Days before, the former Wisconsin congressman and House Speaker publicly warned that self-governance is about the will of the people and not the whims of Congress.
When former Wisconsin congressman and Speaker of the House Paul Ryan put out a forceful public statement three days before the Jan. 6 insurrection—lashing out at reports that fellow Republicans were considering throwing out legally certified electoral votes—he was also privately reaching out to Vice President Mike Pence, according to testimony from Pence’s chief of staff released Thursday by the January 6th Committee.
“Speaker Ryan wanted to call and say, you know, you don’t have any greater authority,” said Marc Short in the videotaped testimony. “I said to him, Mr. Speaker, you know Mike. You know he doesn’t — you know, he recognizes that. And we sort of laughed about it, and he said ‘I get it.’ And he [Ryan] later spoke to the Vice President too—to, I think, have the same conversation.”
Publicly, Ryan said that “it is difficult to conceive of a more anti-democratic and anti-conservative act than a federal intervention to overturn the results of state-certified elections and disenfranchise millions of Americans.”
“Under our system,” Ryan wrote, “voters determine the president, and this self-governance cannot sustain itself if the whims of Congress replace the will of the people.”
The January 6th Committee spent much of Thursday reviewing the plan by Trump campaign attorney John Eastman to overturn the election by casting false doubts on the results so that members of Congress could justify objecting to them and set up Republican-controlled state legislatures to overturn them. Eastman continued that effort in Wisconsin as recently as this past March.
At that point, Wisconsin Republican Sen. Ron Johnson and Sen. Ted Cruz (R-Texas) had joined other Republicans in urging Congress to impose a 10-day delay in counting the electoral votes so a special commission could conduct a nationwide audit and state legislatures could be allowed to use the commission’s findings to overrule the legally-cast ballots of November 3, 2020.

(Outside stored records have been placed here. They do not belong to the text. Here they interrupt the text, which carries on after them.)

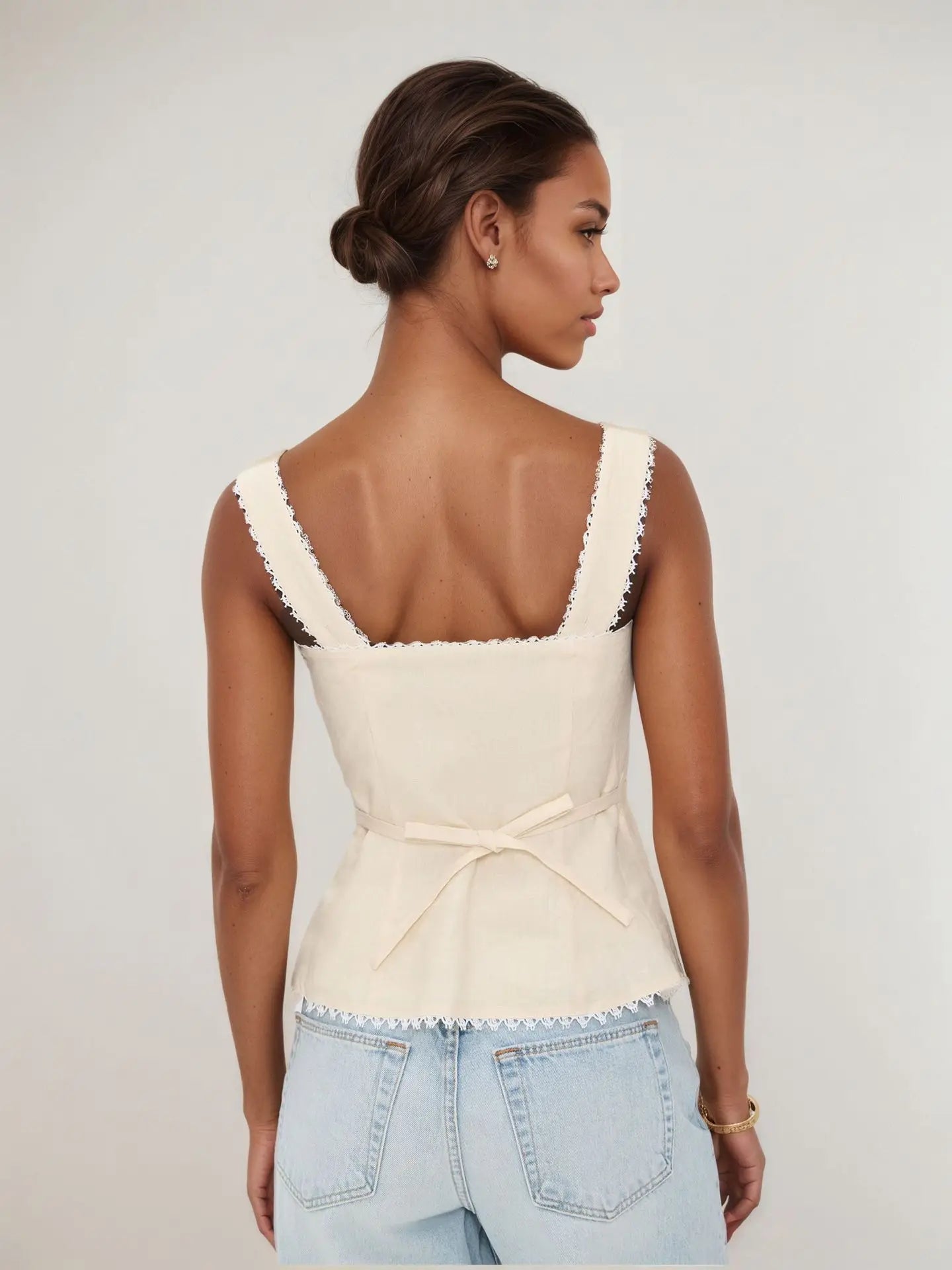 High Quality Hot Sale Wholesale Women's French Cotton Linen Lace Splicing Fashionable Buckle Suspender Solid Sleeveless Vest Top
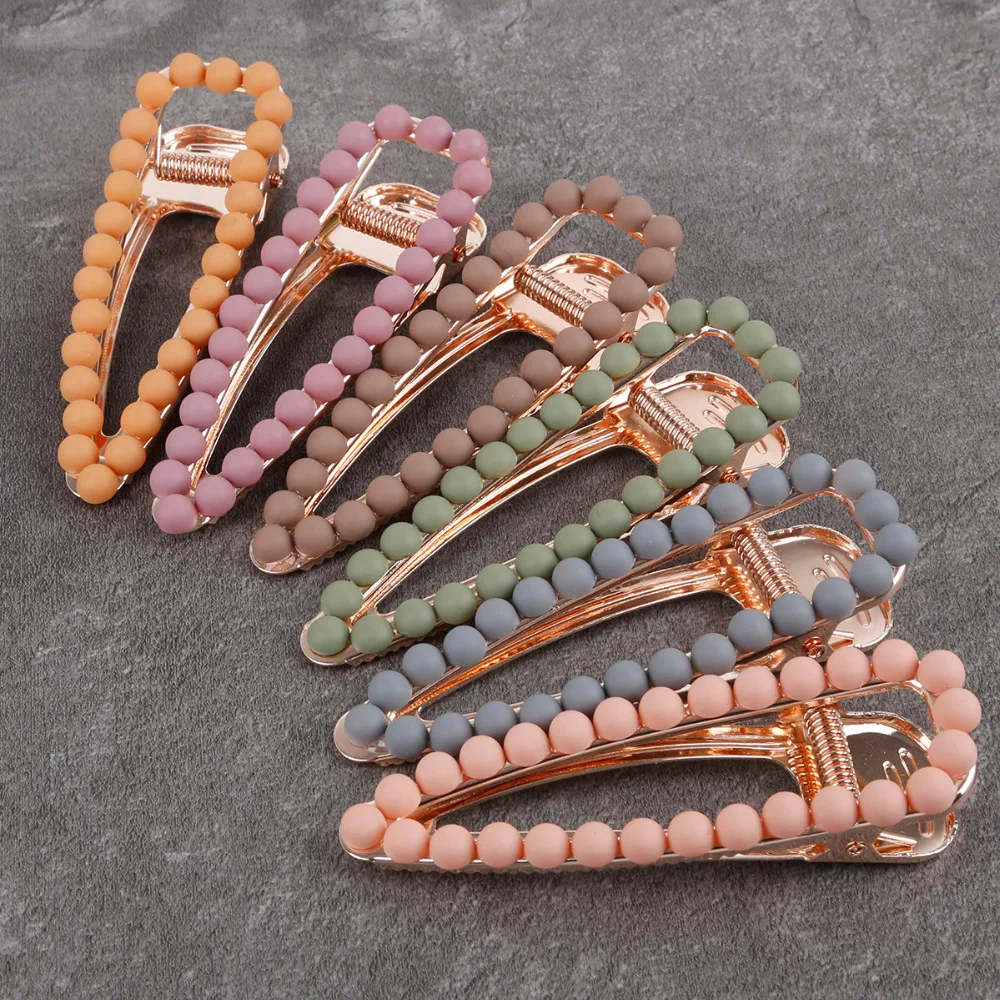 Женская металлическая заколка для волос карамельного цвета с жемчужинами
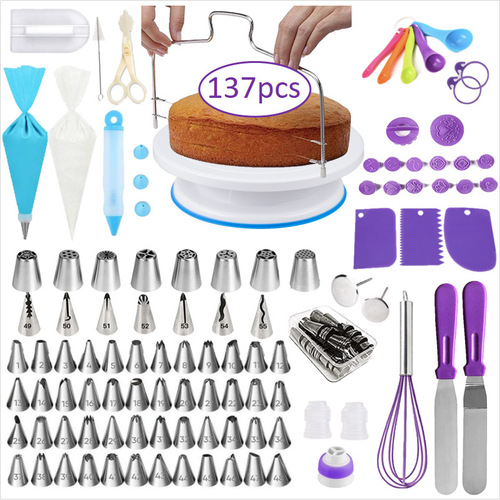 Amazon Cross-border 220/512 piece set cake frosting turntable decoration frosting tip set fondant baking tool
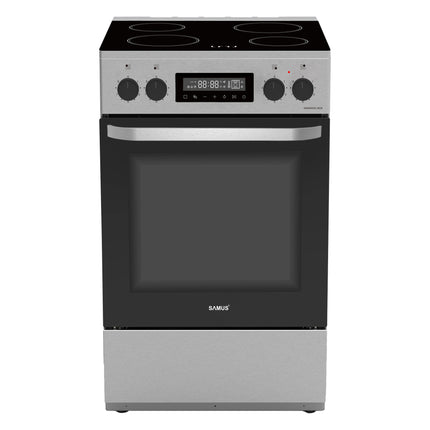 Aragaz Samus SM669VDE Inox, Full electric, 4 zone de gatit vitroceramice, Timer digital, Touch Control, Display digital, Capacitate cuptor: 59 L, Inox (laterale argintii)
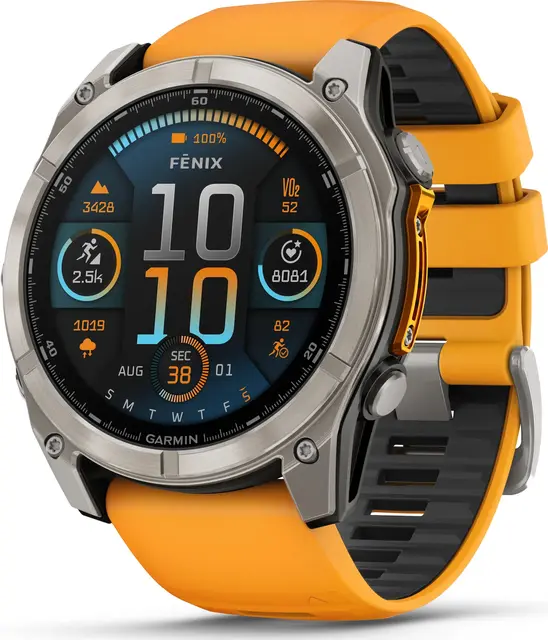 Garmin fenix 8 51 mm AMOLED Sapphire Titan med oransje/grafitt silikonrem 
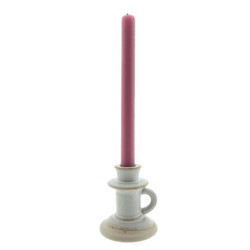 Béžový porcelánový svícen na úzkou svíčku Chrie - Ø 9*10 cm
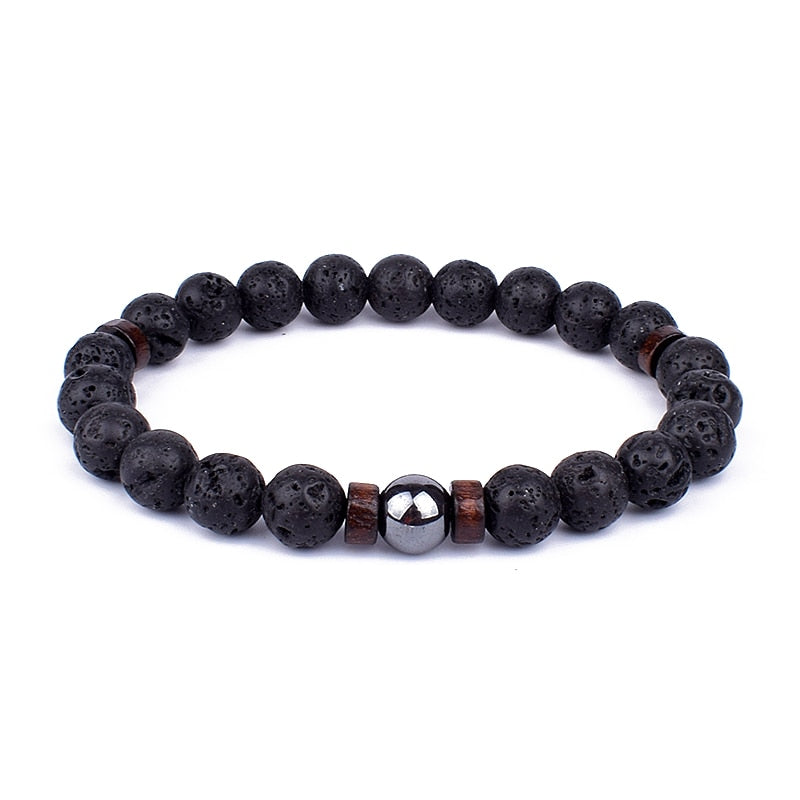 Stone Bracelet | Natural Gemstone Jewellery | Women's Fashion Accessory-Mega Black-S-17cm-State of Style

Ryan said a plan like that would surely fail but would also do significant damage to American democracy.
“The Trump campaign had ample opportunity to challenge election results, and those efforts failed from lack of evidence,” Ryan wrote in his conclusion. “The legal process was exhausted, and the results were decisively confirmed. The Department of Justice, too, found no basis for overturning the result. If states wish to reform their processes for future elections, that is their prerogative. But Joe Biden’s victory is entirely legitimate.”
Johnson, who had already admitted privately that Biden had won legitimately, was one of the leading voices prior to the insurrection for objecting to the electoral counts from disputed states like Wisconsin and frequently spread disinformation—some of it originating in Russia—about the election.